Summer concert at the Diocesan Museum in cooperation with the Rottenburg Music SchoolSunday, 24 July 2020, 7 pm

Segreti accenti

Italian and Spanish music from the Renaissance and early Baroque periods

Duo Cantar alla Viola
Nadine Balbeisi, voice
Fernando Marín, viola da gamba

Towards the end of the 16th century, a new type of vocal music emerged in Italian art music alongside the polyphony that had prevailed until then: solo singing accompanied by one or more instruments. At the princely court of Ferrara, this style was called musica segreta because of its exciting novelty and exclusivity. Polyphonic pieces were often subsequently adapted for monodic performance, such as the three-part villanelles by Luca Marenzio or the three- to four-part tonos humanos by Juan Blas de Castro, which are heard in concert. The members of the ensemble Concerto delle Donne, made up of ladies of the court, were challenged by the new trend to develop their singing technique to the point of virtuosity; in doing so, they encouraged other female singers to venture into professional careers for the first time in music history. Their concerts also inspired composers such as Giulio Caccini in Florence, who is considered the founder of opera. His two daughters Francesca and Settimia were not only successful singers but also became known as composers. Francesca wrote several operas, one of which has survived, and in 1618 a Libro delle musiche, published in print, with solo songs and duets, from which the two pieces in the evening are taken. Her sister Settimia Caccini took on the role of Venus in Claudio Monteverdi’s opera L’Arianna and was praised for it by the composer for her “superhuman grace and angelic voice”. Fortunately, some of her songs have been preserved in a manuscript in the archives of the Lobkowicz noble family in Prague.
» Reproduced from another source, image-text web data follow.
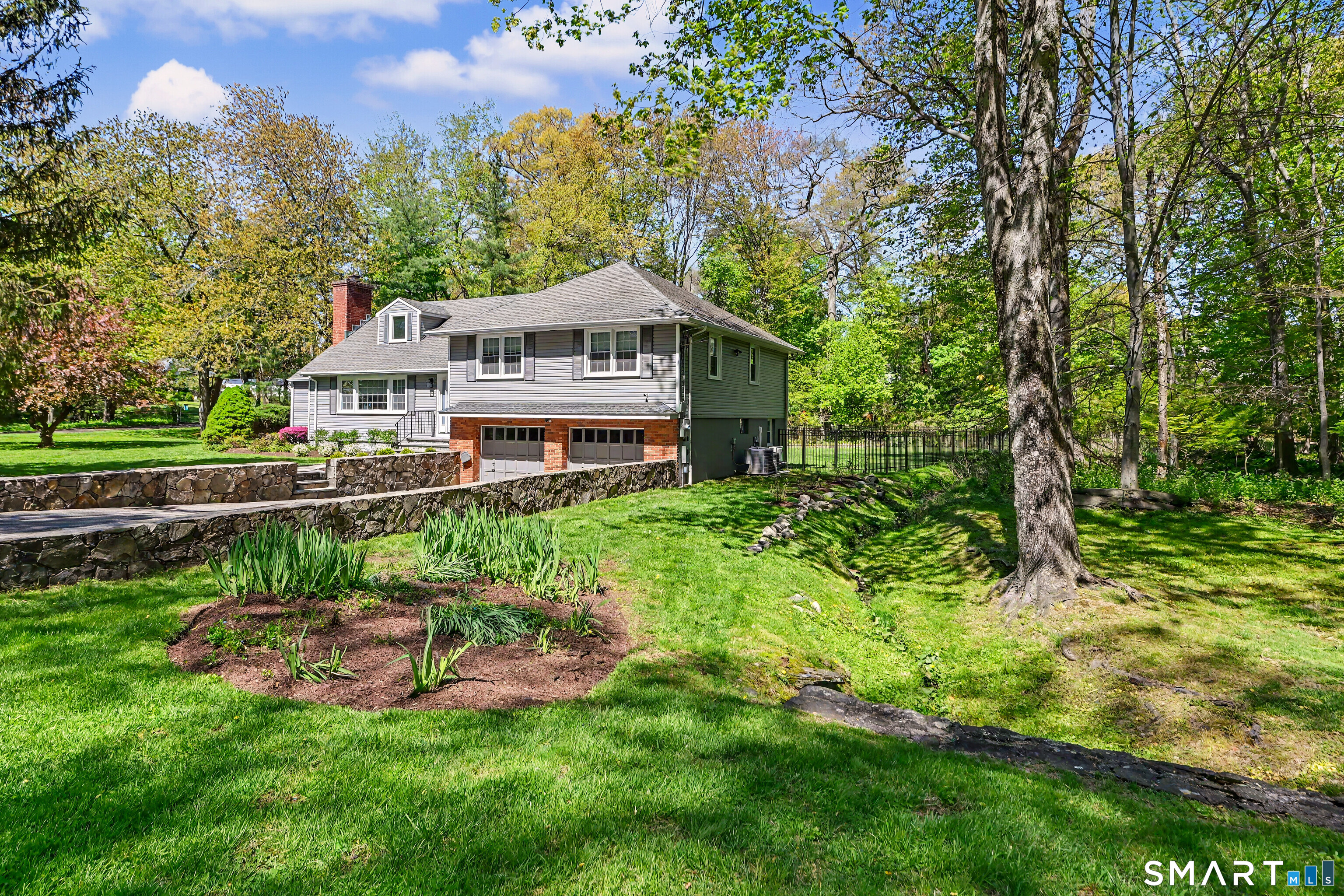 190 West Lane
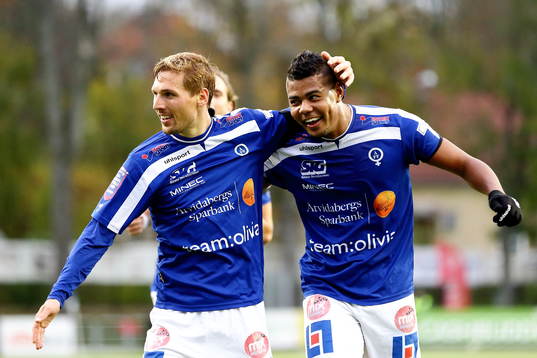 Åtvidabergs Martin Christensen och Ricardo Santos jublar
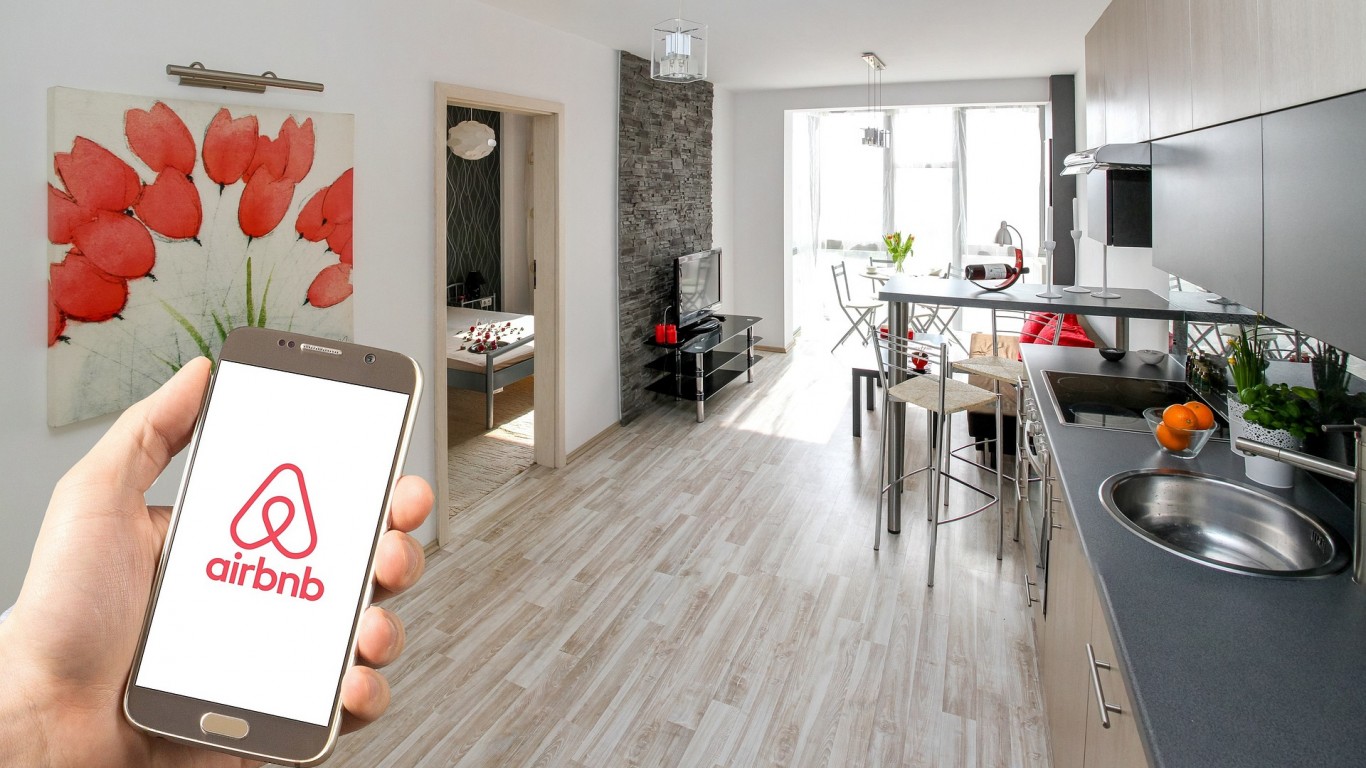 Нов удар по Airbnb и Vrbo: Проучване показва, че хотелите често са по-евтини 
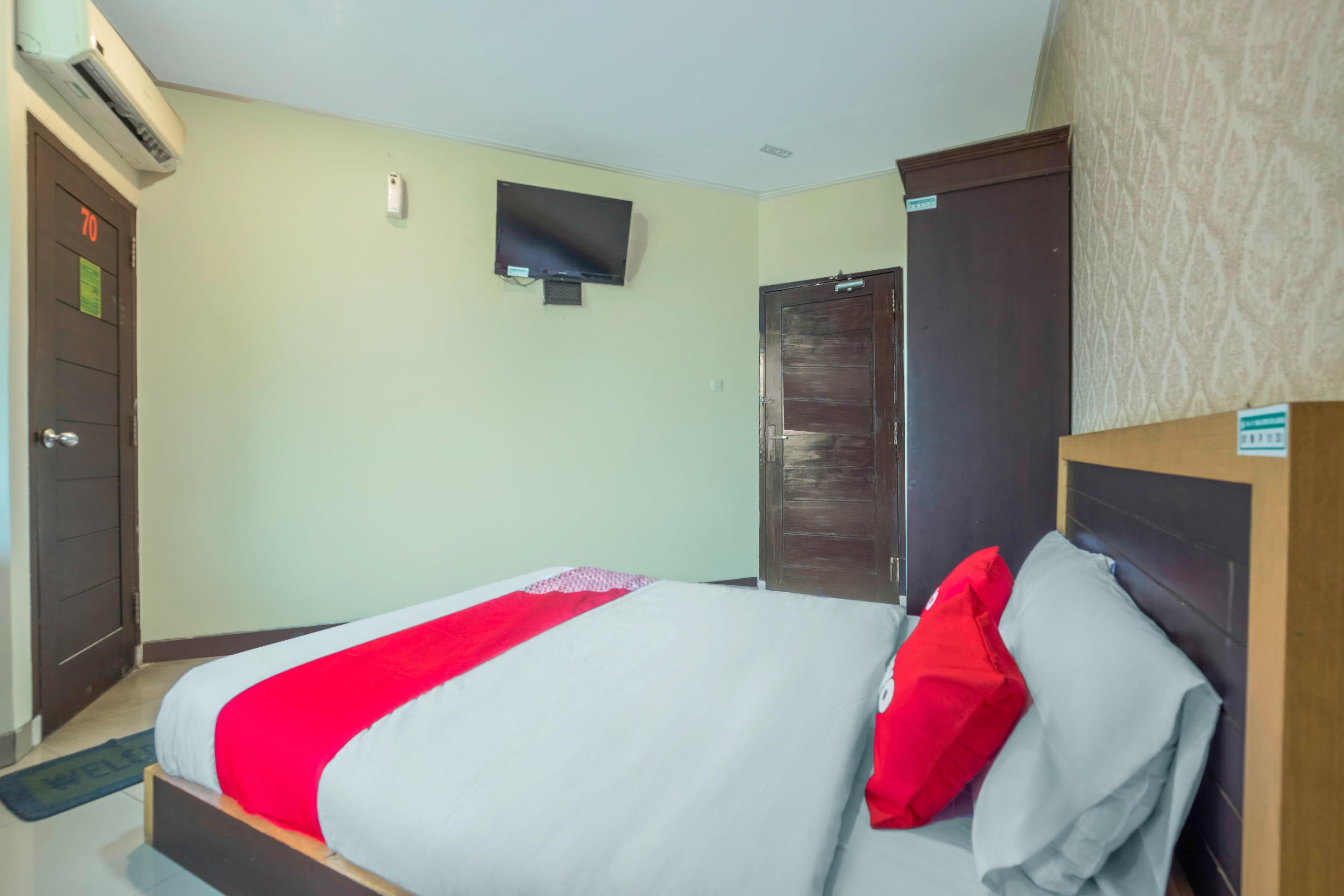 Oyo 2132 Pondok Avicenna Cirebon Εξωτερικό φωτογραφία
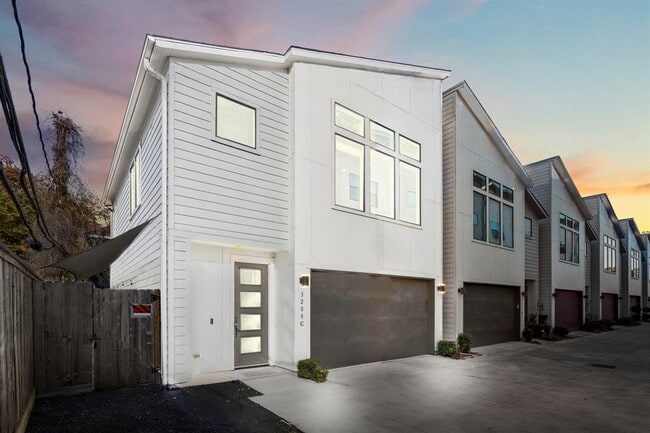 property at 3208 N MacGregor Way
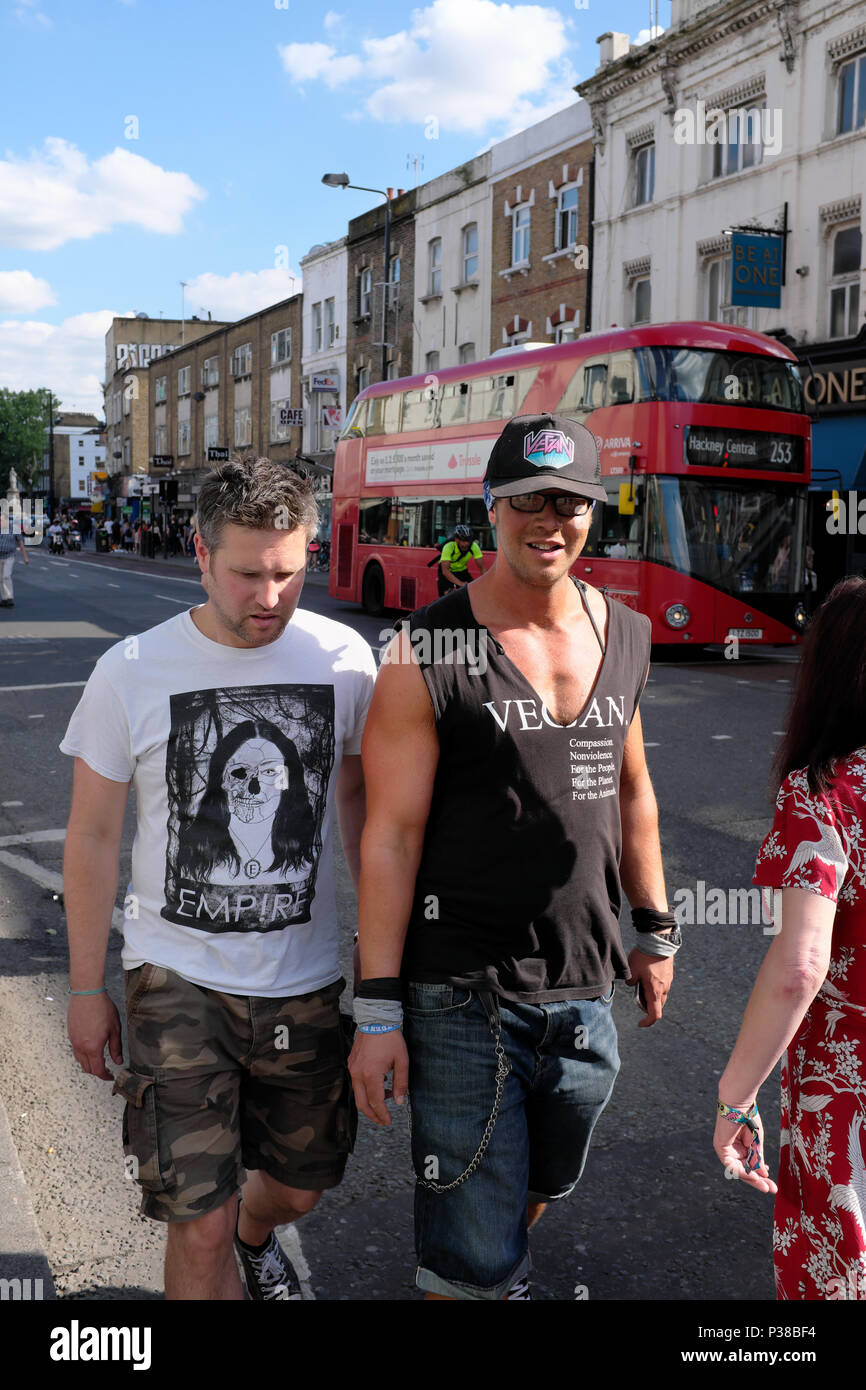 Coppia gay camminare insieme in Street, Camden Town, Camden, London, England, Regno Unito Foto Stock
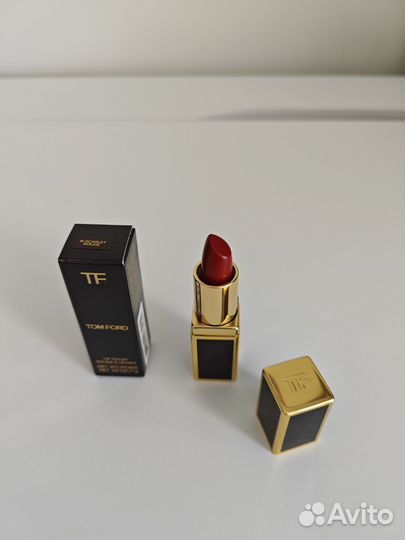 Помада Tom Ford и пробники духов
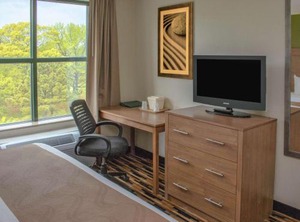 Quality Wright Norfolk Airport | Northwest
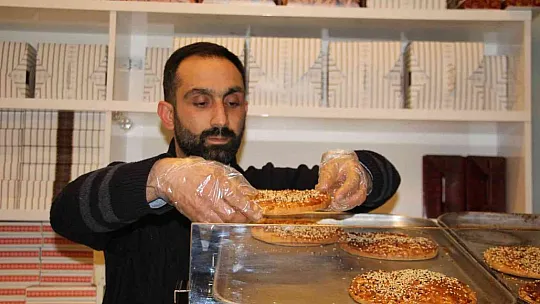 İftar sofralarının vazgeçilmezi nohut ekmeği tezgahlardaki yerini aldı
The Jordanian-American soprano Nadine Balbeisi began her international career from Germany. Her repertoire ranges from 14th century music to a variety of classical operatic roles. She has received international awards and grants, currently funding for a research project on 17th century Italian music from the German Music Council. Her CD “Lamentarium” with the Ensemble Atalante was voted “Recording of the Year 2011” by Musicweb International.

She also shows her versatility in the trio “Viola da Samba”.

The gambist and cellist Fernando Marín, who comes from Alicante in Spain, specialised in string instruments of the Renaissance and Baroque periods in historical performance practice, earned his doctorate at the University of Barcelona with a dissertation on the Spanish vihuela de arco and conveys his research results and instrumental art in several solo CDs. In the duo “Cantar alla Viola”, which was founded in 2005 and has already recorded several CDs with Spanish, Italian and English music, Marín brings the now forgotten art of song accompaniment with a string instrument to perfection, thanks to a special bowing technique also with polyphonic chords and tone sequences. In Rottenburg, he will play on a vihuela de arco modelled on a historical instrument.

Free admission, donations requested.